**RECORDS PROVIDED**

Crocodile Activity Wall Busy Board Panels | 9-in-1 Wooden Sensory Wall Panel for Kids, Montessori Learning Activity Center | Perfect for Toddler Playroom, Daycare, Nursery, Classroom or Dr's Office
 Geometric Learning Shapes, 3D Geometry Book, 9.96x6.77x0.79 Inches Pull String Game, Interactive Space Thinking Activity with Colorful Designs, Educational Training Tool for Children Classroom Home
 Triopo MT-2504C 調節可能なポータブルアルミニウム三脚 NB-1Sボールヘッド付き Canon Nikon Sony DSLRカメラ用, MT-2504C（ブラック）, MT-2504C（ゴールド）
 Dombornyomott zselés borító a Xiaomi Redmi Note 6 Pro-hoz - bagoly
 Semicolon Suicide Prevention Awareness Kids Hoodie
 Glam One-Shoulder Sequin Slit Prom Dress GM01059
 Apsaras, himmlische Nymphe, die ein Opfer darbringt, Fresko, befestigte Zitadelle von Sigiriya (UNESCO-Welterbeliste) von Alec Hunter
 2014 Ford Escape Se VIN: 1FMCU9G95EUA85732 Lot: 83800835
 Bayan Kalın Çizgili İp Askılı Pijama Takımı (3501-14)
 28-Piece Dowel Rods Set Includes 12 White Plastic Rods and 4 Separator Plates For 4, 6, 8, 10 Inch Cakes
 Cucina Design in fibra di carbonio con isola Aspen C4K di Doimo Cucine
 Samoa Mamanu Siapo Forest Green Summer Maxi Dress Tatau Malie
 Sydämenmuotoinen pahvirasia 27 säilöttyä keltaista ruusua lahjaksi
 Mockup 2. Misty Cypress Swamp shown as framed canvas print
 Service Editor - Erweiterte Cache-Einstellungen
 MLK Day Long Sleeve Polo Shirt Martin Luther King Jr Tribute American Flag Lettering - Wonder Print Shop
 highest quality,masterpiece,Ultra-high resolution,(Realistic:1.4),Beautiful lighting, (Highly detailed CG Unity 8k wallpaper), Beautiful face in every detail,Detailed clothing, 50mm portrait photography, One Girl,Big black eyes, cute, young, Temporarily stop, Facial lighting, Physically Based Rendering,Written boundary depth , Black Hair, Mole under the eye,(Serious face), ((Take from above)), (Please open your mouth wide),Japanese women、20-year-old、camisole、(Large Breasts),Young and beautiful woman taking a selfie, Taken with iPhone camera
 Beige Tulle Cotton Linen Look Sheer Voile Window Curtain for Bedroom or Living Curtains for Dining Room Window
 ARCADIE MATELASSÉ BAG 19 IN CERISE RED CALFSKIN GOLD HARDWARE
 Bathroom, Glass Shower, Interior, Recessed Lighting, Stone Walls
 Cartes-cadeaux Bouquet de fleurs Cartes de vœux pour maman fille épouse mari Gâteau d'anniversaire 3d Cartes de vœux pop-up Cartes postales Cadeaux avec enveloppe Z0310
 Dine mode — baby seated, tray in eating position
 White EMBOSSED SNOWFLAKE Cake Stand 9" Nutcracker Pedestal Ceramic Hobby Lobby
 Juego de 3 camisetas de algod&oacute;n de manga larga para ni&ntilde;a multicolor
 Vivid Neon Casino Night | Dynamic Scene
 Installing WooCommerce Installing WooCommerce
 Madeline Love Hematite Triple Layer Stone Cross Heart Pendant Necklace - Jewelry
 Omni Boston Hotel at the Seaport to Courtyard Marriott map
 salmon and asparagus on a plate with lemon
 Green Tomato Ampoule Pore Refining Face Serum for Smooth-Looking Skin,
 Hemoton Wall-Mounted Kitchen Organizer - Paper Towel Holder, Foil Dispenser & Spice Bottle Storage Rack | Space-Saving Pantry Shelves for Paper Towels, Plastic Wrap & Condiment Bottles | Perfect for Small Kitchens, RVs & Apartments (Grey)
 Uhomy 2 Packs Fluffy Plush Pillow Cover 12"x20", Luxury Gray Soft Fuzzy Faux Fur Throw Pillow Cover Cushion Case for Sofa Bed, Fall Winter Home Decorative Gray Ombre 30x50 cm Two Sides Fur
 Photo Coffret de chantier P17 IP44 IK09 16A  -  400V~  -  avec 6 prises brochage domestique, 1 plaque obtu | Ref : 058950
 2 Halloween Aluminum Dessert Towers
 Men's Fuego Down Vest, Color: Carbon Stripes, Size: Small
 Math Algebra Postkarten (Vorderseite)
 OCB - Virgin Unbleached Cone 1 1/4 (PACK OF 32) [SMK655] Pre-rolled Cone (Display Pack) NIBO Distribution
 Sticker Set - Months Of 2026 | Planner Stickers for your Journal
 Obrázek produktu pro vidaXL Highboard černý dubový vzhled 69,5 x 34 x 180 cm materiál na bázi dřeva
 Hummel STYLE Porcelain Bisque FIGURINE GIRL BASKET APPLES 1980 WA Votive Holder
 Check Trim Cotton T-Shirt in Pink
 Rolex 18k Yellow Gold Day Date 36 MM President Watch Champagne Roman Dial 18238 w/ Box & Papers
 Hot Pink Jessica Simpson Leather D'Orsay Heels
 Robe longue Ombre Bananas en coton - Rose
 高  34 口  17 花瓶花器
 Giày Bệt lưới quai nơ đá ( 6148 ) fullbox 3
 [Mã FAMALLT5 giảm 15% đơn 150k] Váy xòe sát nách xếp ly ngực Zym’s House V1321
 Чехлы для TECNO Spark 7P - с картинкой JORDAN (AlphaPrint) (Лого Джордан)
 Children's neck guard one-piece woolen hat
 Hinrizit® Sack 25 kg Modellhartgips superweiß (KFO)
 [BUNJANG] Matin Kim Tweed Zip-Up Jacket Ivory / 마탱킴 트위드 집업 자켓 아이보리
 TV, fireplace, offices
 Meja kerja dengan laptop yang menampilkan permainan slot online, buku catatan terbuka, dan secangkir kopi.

**ASSIGNMENT**
Write out every line of the data that holds the word "Holder".

**FINISHED TASK**
 Hemoton Wall-Mounted Kitchen Organizer - Paper Towel Holder, Foil Dispenser & Spice Bottle Storage Rack | Space-Saving Pantry Shelves for Paper Towels, Plastic Wrap & Condiment Bottles | Perfect for Small Kitchens, RVs & Apartments (Grey)
 Hummel STYLE Porcelain Bisque FIGURINE GIRL BASKET APPLES 1980 WA Votive Holder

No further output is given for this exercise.